About ANTH 1002
So next year I'm taking Anthropology, as I said in my last entry. Of course, I'm really not sure what Anthropology
is. Oh, sure, I know the definition; I know it's the study of culture, blah blah, man, blah blah, blah blah blah. But I don't actually know what I'll be learning or anything. I have two impressions of the subject of Anthropology:
1. Anthropologie, the store in Lennox Mall. It's a great store, overpriced, but still nice. Though I've never bought anything there--something like $50 for a pair of pajama pants or $25 for a coaster never appealed to me. I don't think, however, that we'll be learning about overpriced trendy bohemian clothing and home decor.

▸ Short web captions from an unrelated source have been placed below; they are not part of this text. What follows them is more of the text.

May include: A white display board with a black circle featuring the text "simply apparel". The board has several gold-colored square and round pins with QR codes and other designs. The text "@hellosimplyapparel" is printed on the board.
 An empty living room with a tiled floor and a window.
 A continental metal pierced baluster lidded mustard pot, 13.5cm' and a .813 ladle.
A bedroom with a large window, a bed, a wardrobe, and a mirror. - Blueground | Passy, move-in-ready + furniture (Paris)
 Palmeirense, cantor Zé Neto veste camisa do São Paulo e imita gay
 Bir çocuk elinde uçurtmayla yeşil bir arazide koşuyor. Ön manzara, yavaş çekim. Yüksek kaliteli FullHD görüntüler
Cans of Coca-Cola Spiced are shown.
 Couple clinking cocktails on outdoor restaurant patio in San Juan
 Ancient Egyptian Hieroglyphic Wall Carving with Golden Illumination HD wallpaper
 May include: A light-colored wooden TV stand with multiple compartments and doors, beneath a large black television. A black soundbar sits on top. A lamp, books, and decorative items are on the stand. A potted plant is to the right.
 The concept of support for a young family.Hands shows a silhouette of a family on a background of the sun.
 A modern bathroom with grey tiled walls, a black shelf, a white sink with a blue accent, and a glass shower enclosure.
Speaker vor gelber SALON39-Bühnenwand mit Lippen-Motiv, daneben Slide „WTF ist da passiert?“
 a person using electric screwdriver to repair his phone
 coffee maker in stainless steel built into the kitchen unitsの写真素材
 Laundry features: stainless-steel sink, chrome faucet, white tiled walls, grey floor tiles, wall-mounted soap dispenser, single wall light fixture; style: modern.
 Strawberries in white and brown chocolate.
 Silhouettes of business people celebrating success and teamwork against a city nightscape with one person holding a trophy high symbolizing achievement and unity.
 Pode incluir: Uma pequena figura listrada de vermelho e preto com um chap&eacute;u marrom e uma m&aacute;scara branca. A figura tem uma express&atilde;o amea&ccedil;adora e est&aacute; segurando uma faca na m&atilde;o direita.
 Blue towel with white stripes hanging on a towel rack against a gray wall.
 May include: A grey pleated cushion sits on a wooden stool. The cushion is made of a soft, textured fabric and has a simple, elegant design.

2. "Saved By The Bell: The College Years." Who watched that show? Admit it. Pretty much anybody who watched "Saved By The Bell" went on to at least watch a few episodes of this incarnation of the show, although most viewers realized how much it sucked before the station realized it and cancelled it (but remember "Saved By The Bell: Wedding In Las Vegas"? At least it went out with a bang?) Point being, the only class they ever showed on "The College Years" (because, as I'm sure you've noticed with things like Boy Meets World and DeGrassi, on TV shows that take place in a school they rarely ever show more than one or two classes) was Anthropology with Professor Jonathan. I'm sure he
had a last name, but I don't remember it because he asked Kelly to call him Jonathan when she babysat for his daughter and then they had sex. Of course, they may not have actually
had sex, but I believe there
was an affair between Ms. Kapowski and said professor. This, once again, doesn't shed much light onto the subject of Anthropology itself.
So what I've learned is that I'll be taking a class that's
not about expensive clothes and that's
not about student-teacher affairs. I think. Maybe. Perhaps. (Of course, if the professor's hot...
no. Yuck.) Alright, fine--I have no idea. But at least it fulfills a core requirement. We'll see how it goes.